Of course the foremost example of an ‘exempted’ work by Kipling is The Jungle Books, his much-beloved classic, the first part of which was published in 1894 and the second in 1895. The Jungle Books is now added to the beautiful Penguin Classics hardcover line with a monkey-full cover design by Coralie Bickford-Smith, a Preface by Jan Montefiore and an excellent Introduction by Kaori Nagai in which she points out the simple truth that for many readers, the stories in the Jungle Books “have almost become synonymous with the joys of childhood and of reading.” And she draws some intriguing parallels between Kipling’s work and that of his own father:
In many ways, the Jungle Books can be seen as an imaginative reworking of Kipling’s father’s book Beast and Man in India (1891) with its rich descriptions of Indian animals ‘in their relations with the people.’ John Lockwood Kipling, a gifted artist and illustrator, worked in Bombay and then in Lahore from 1865 to 1893, as an art professor and curator. Father and son shared similar perceptions of and an adoring gaze towards animals, and there are significant overlaps between their works.
But as much as that might make me want to find a copy of Beast and Man in India the next time I’m at the Brattle Bookshop, it only reinforces how thoroughly the younger Kipling made the subject his own, mainly by taking the ‘man’ part almost entirely out of the equation. Most of these great stories feature a little Indian boy named Mowgli who’s adopted by a wolf pack and raised as one of their own, gaining the friendship of the elegant black panther Bagheera and the thirty-foot rock python Kaa and learning the Laws of the jungle from the heavy old bear Baloo. Taking up this sturdy, lovely lime-green hardcover Penguin Classic, I plunged into these stories again exactly as if I didn’t have them memorized. And as usual – and fittingly enough, since it’s clearly the inspiration for this volume’s cover – my favorite was the story called “Kaa’s Hunting,” in which the noisy monkey-folk, the Bandar-log, kidnap Mowgli and carry him to the Cold Lairs, a long-ruined city deep in the jungle. Baloo and Bagheera naturally resolve to rescue him, but they are only two while the Bandar-log are many hundreds, so they enlist as an ally Kaa the python, who’s very old and very alien but who helps them because he has no love for the Monkey-people – and they certainly have no love for him:
Generations of monkeys had been scared into good behaviour by the stories their elders told them of Kaa, the night-thief, who could slip along the branches as quietly as moss gross, and steal away the strongest monkey that ever lived; of old Kaa, who could make himself look so like a dead branch or a rotten stump that the wisest were deceived, till the branch caught them. Kaa was everything that the monkeys feared in the jungle, for none of them knew the limits of his power, none of them could look him in the face, and none had ever come alive out of his hug.

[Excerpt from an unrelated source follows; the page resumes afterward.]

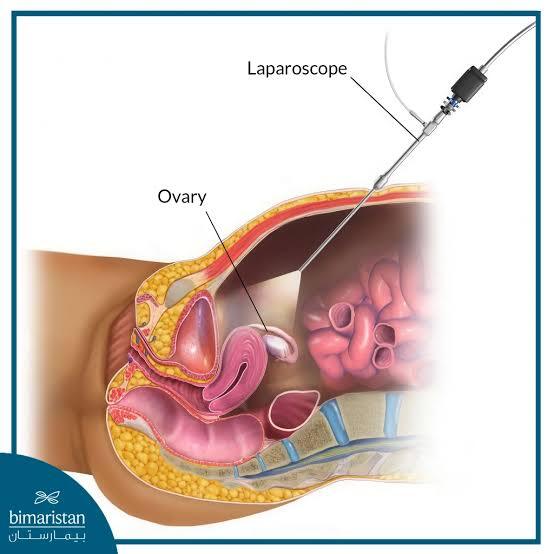 Surgical team performing a laparoscopic ovarian cystectomy in the operating theatre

But in addition to re-reading “Kaa’s Hunting,” I also soaked up again “Rikki-Tikki-Tavi” and the brilliant psychological study “How Fear Came,” and the epic action of “Red Dog.” And when I came to “The Spring Running,” I read in somber, rapt attention for the thousandth time as Mowgli, perhaps inevitably, makes his way back to the the world of humans, never to live in the jungle again. And as he goes, he’s sung farewell by his three closest animal friends, each a verse in turn until they share the final one:
On the trail that thou must tread
To the threshold of our dread,
Where the Flower blossoms red;
Through the nights when thou shalt lie
‘Prisoned from our Mother-sky,
Hearing us, thy loves, go by;
In the dawns, when thou shalt wake
To the toil thou canst not break,
Heartsick for the Jungle’s sake;
Wood and Water, Wind and Tree,
Jungle-Favour go with thee!
I’ve read my way through dozens of editions of the Jungle Books, from paperbacks to big lavish hardcovers to even the comic book adaptation with lovely artwork by P. Craig Russell. I’d like to think this sturdy little green brick of a Penguin Classic will hold up a lot longer than its predecessors. I can hope so, anyway.